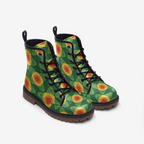 Boots featuring the Folkbloom pattern with colorful floral motifs and vintage-inspired botanical details in an ornate all-over print. Alternative fashion footwear with folk art aesthetic, cottagecore style, maximalist fashion, indie streetwear, whimsical floral artwork, expressive queer friendly fashion, retro-inspired botanical design, artsy alternative shoes, and statement combat boots perfect for festivals, concerts, casual outfits, nature inspired fashion, and everyday alternative wear.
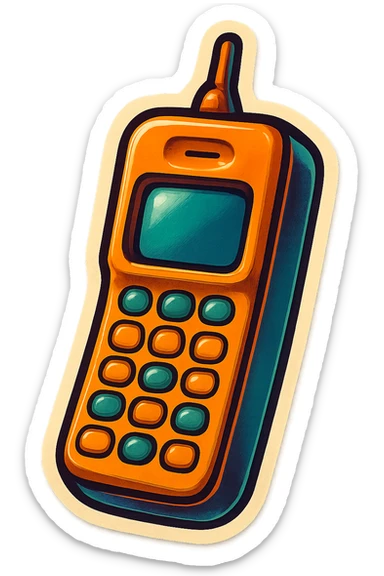 A mobile phone sticker in retro stickers style, with a vintage design and colorful details sticker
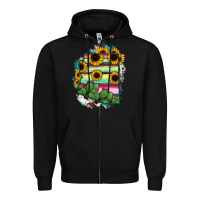 Black Arizona Map Sunflower Cactus Serape Zipper Hoodie - RanaPortraitStore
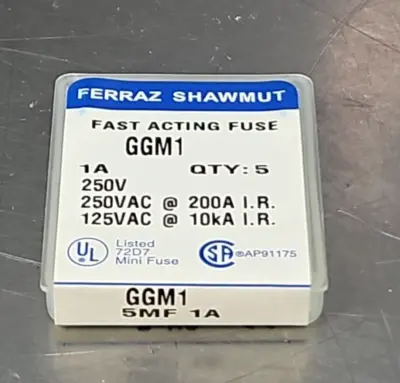 Ferraz Shawmut GGM1 Mini Fuse 1 Amp 250 Vac box w/90 loc4D36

● YOUR INSTRUCTIONS: An exact, image-free transcript of the material is required.

● EXERCISE RESPONSE:
 Boots featuring the Folkbloom pattern with colorful floral motifs and vintage-inspired botanical details in an ornate all-over print. Alternative fashion footwear with folk art aesthetic, cottagecore style, maximalist fashion, indie streetwear, whimsical floral artwork, expressive queer friendly fashion, retro-inspired botanical design, artsy alternative shoes, and statement combat boots perfect for festivals, concerts, casual outfits, nature inspired fashion, and everyday alternative wear.
 A mobile phone sticker in retro stickers style, with a vintage design and colorful details sticker
 Black Arizona Map Sunflower Cactus Serape Zipper Hoodie - RanaPortraitStore
 Ferraz Shawmut GGM1 Mini Fuse 1 Amp 250 Vac box w/90 loc4D36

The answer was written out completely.